The pawnbroker has been known as an option for a short-term loan since the early Middle Ages. Every major city has pawn shops where you can lend valuables. The principle is very simple and straightforward. Anyone who owns a moveable object of value, but is reluctant to sell it, can take it to the pawnbroker. This estimates the possible sales value and pays the “pledger” between 25 and 50 percent of the sales value. The pawn loan pays interest for the duration of the pawnshop, for amounts up to 300 USD, for example, interest of 1% accrues, which is also regulated by law. Furthermore, monthly fees are charged between 2.50 and 6.50 USD depending on the deposit value.
However, this type of loan only works for a short period of time, usually three months. The contract can be extended in writing, but not unlimited. If the item is not released, the pawnbroker is entitled to auction the item or sell it in his shop. If he achieves a higher than the estimated sales price, the difference is paid to the pledger. Basically, only items that are actually worth a consideration and are easy to sell are suitable for pledging. These include, for example, real gold jewelry, antiques, designer furniture and high-priced technology.
The pawnshop is a good option if short-term, quick and unbureaucratic money is needed, because the repayment has a tight window. The pledger’s creditworthiness is irrelevant, only the identity card has to be presented.
Loan rejection despite positive Credit Bureau, how is that possible?
Some people no longer understand the world if, despite positive Credit Bureau self-disclosure, a loan cancellation flaps into their home. This is also possible because, as already mentioned, the individual scoring of the bank, which is made up of many individual components, ultimately decides. Which of these exactly remains the secret of the bank. In addition to the credit scores of credit agencies, information on income, the profession exercised, the financial position of the borrower as well as the evaluation of account statements and existing liabilities are included. The result of the Credit Bureau query is equally important insofar as the exact examination of loan applications usually only takes place after the data has been called up. If the result is inadequate or there are negative entries, the check is sometimes unnecessary and the loan is rejected directly.
The loan was rejected despite the guarantor. What can I do?

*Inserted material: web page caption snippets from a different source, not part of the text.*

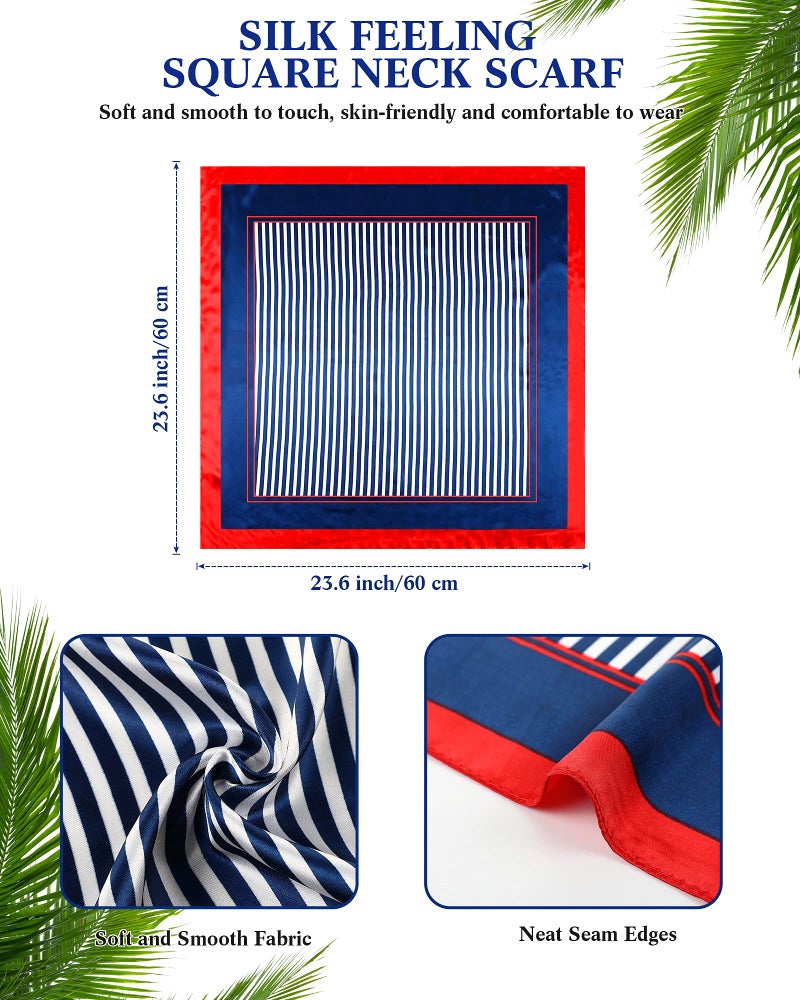 SATINIOR 4 Pcs Flight Attendant Scarf Square Nautical Scarf Women Silk Feeling Hair Wraps 23.6 x 23.6 Inches - Image 2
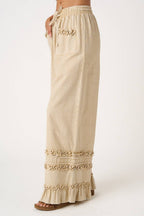 RUFFLE TRIM POCKET MINERAL WASH WIDE LEG PANTS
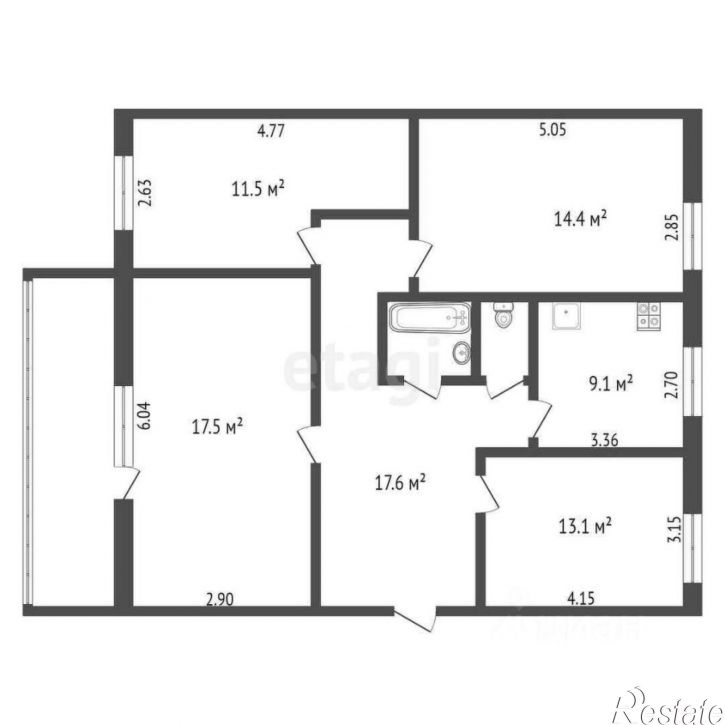 3-комн квартира ул Пионерская, 13,  д. 13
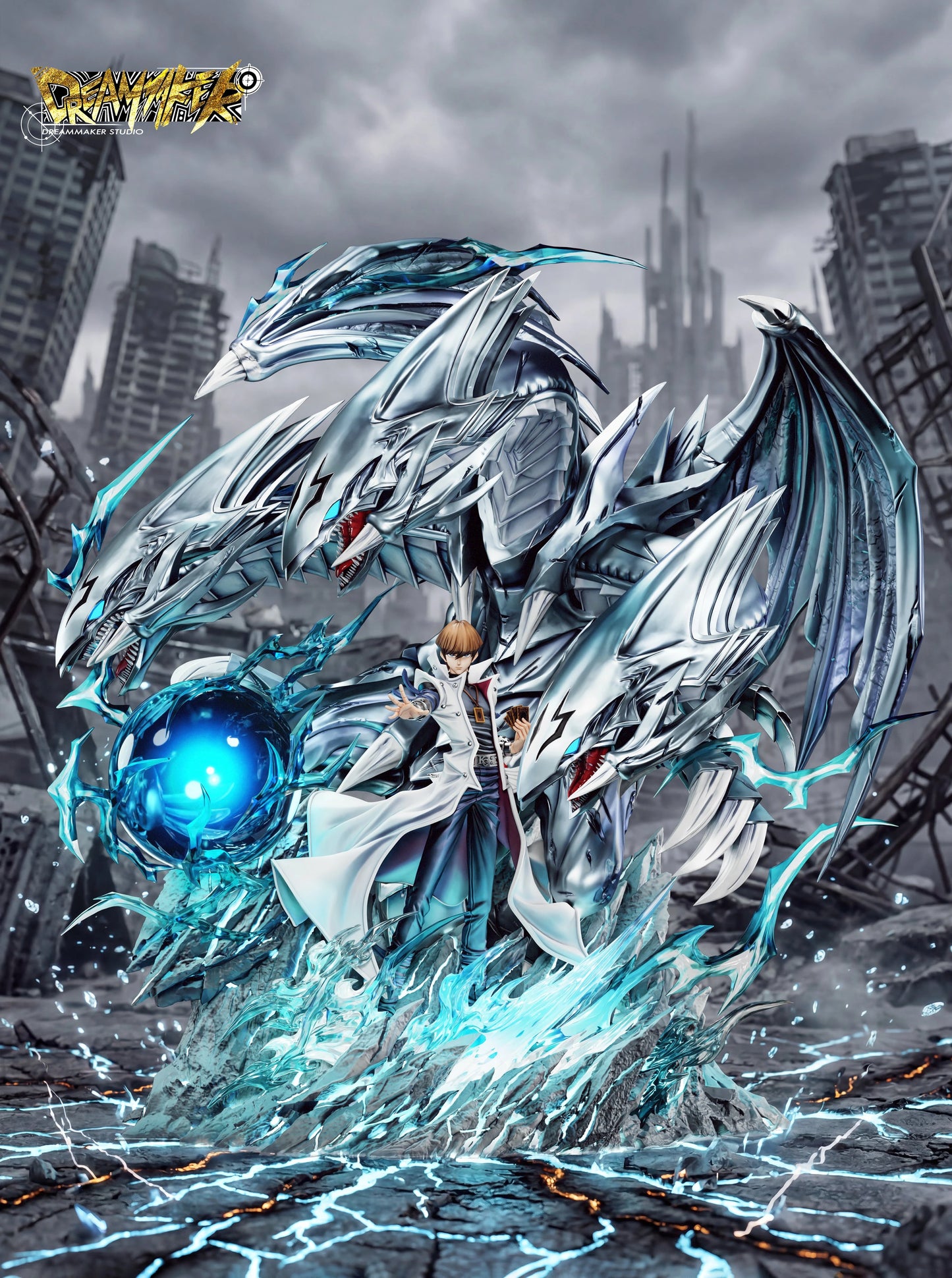 Preventa Resina Seto Kaiba & Dragon de Ojos Azules Figura Yu-Gi-Oh! 1/6 Dreammaker  Estudio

Guarantors and co-applicants should still make the car loan possible if their own requirements are insufficient. If a guarantor has now been found, but the loan has still not been approved, perplexity spreads. Without asking the bank concerned, it can only be assumed that the guarantor also did not meet all the requirements. Either the income was too low, the guarantor too old, the credit rating was mediocre. Speculation helps little. In general, a guarantor only makes sense if it optimally meets the requirements in all respects, because it is supposed to compensate for a deficiency and ensure otherwise unsafe repayment.
Is a loan refusal recorded in the Credit Bureau?
A loan refusal is not explicitly noted in the Credit Bureau, but it can be visible to other banks. It is crucial here whether a request for credit or a request for loan terms has been made. A credit request is stored in the borrower’s Credit Bureau, is visible to other credit institutions for ten days after entry and has a negative impact on the credit rating for one year. A rejection is thus indirectly recognizable. The situation is different with an inquiry about loan terms. The credit conditions request is also noted in the Credit Bureau, but is not visible to third parties and has no negative impact on the score. Anyone applying for a loan should therefore always make sure in advance that a credit check is carried out under the premise of credit terms. Credit Bureau’s self-assessment helps to assess its own creditworthiness and shows all entries. If the entries are incorrect or incorrect, you can react accordingly. Therefore, the self-disclosure should always be obtained before a loan request.